Category Archives: Uncategorized

Wisconsin vs. California

My favorite thing about the Niners annihilation of Green Bay last weekend was an email from a certain Wisconsin cheesemaker who shall remain nameless. When former dairyman and Niners QB Colin Kaepernick threw an interception that Green Bay returned for a touchdown to go up 7-0 I received this: “Don’t feel too bad…there’s always next year for you guys.”

Since I was watching the game, I didn’t see this until the next morning after the dairy farmer-led Niners scored 45 points and Green Bay only scored one more touchdown that mattered. Arthur over at Wisconsin Foodie had also bet me over the result of the game. The loser would have to proclaim the other state’s cheese as the best on their facebook page. That poor guy had a lot of angry readers when he posted that California cheese is the best in the country. Not sure if there were death threats but it wouldn’t have surprised me.

I love our cheese and football rivalries. Especially when California wins.

Go Niners!
Ninerschnitz

Librarians still love me and other news

I made the Mountain View Public Library year end slide show!
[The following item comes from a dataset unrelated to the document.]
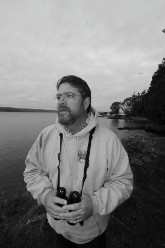 John Farnsworth birding near his home in the San Juan Islands.
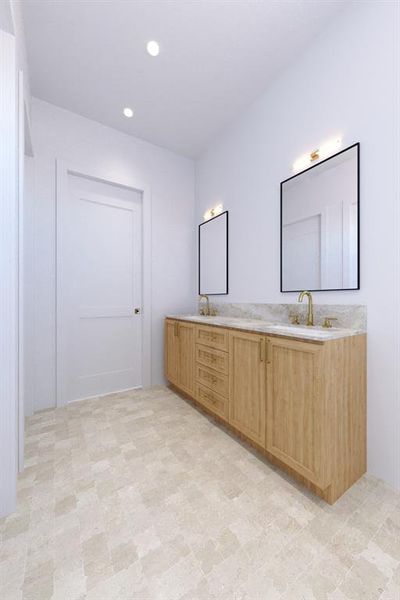 Bathroom featuring double vanity, recessed lighting, and light floors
It’s just this awesome picture :32 in
mvpl talk

I’m not sure I mentioned here that there are t-shirts available with me praising/mocking Beehive Barely Buzzed Cheese. It’s a fundraiser for the Daphne Zepos Educational Fund t-shirts

Janet Fletcher mentioned Rainbow and a bunch of awesome cheeses in her year end column. Thanks Janet!

And finally, a cheesemonger in NYC got in trouble for his cheese labels then got reprieve. At our old store, we used to put quotes on our receipts but it too got to be too much to deal with. The last one I remember, circa 1995, was “Make out with your same-sex partner at punk shows and slam dance at gay bars.”

Up for air

Another well-known cheesemonger mentioned this on his facebook the other day, but the thing that most of us – at least the cheese people who actually still work the floor – have in common is that the last two months of the year are a blur. At the beginning of January we come up for air, look around, and wonder, “I wonder what my friends have been doing for the last two months?”

I don’t want to sound like I’m complaining here. I kind of love it. I like the craziness of the holiday cheese rush, I like watching cheeses that are hard sells 48 weeks of the year fly of the shelves. I like being busy. Plus it is consistent to my life-long work experience. My longest job before Rainbow Grocery Cooperative was at a photo lab. Back in those pre-digital days, the photo X-mas card business was booming and I regularly worked 50-60 hour weeks between Thanksgiving and X-mas. Long hours, but good money and the sense of accomplishment you get from doing more work than you thought possible when you started.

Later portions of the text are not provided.